Segment Start: Given material

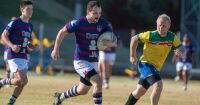 Imagem principal do artigo O Qualificatório também está definido no Rugby de XV Nacional.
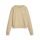 ESS  Relaxed Small Logo Crew FL Sand Dun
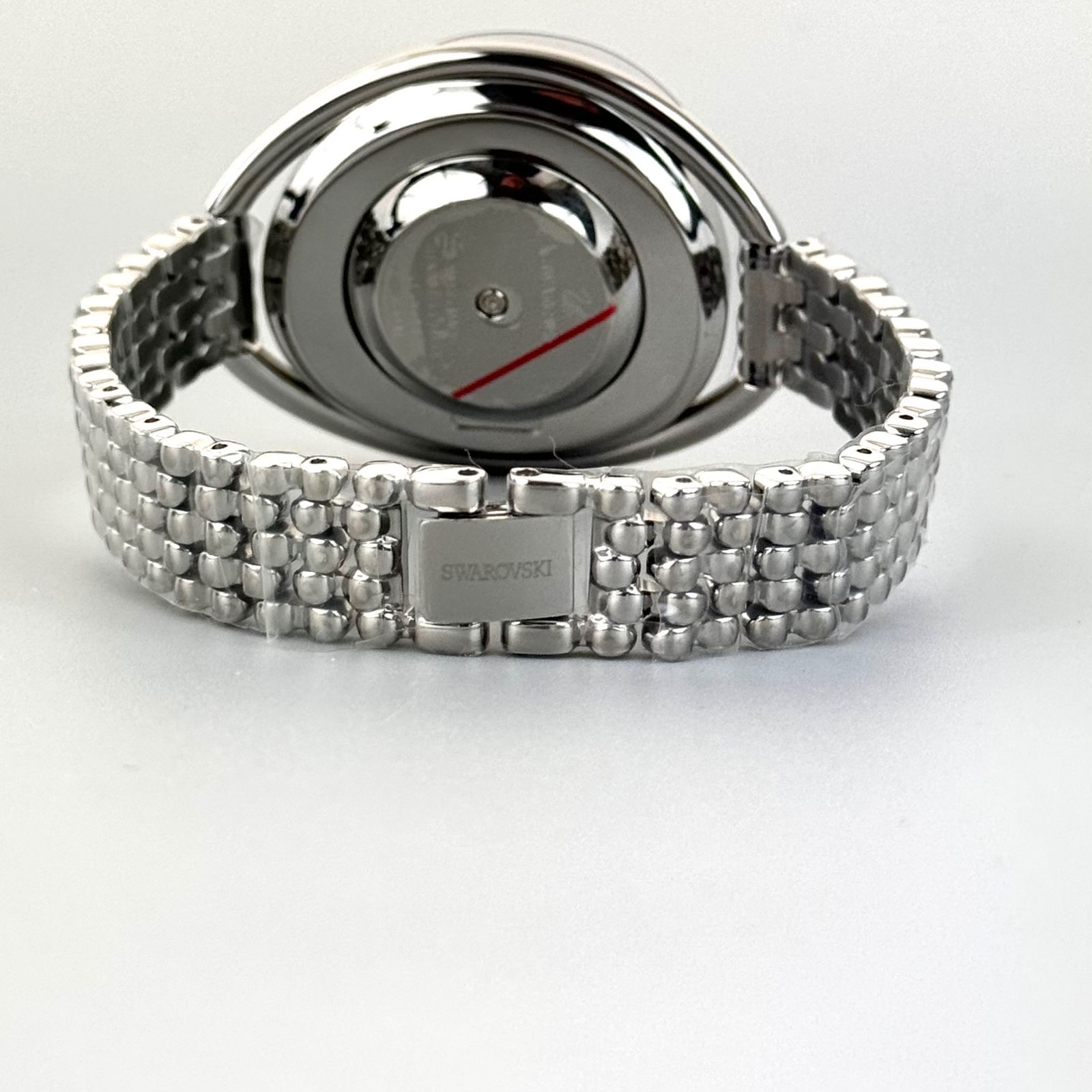 未使用・電池交換済み】腕時計 レディース スワロフスキー SWAROVSKI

Segment End: Given material

Directions for this task:
Output each of the lines above exactly, apart from the images.

Solution for this problem:
 Imagem principal do artigo O Qualificatório também está definido no Rugby de XV Nacional.
 ESS  Relaxed Small Logo Crew FL Sand Dun
 未使用・電池交換済み】腕時計 レディース スワロフスキー SWAROVSKI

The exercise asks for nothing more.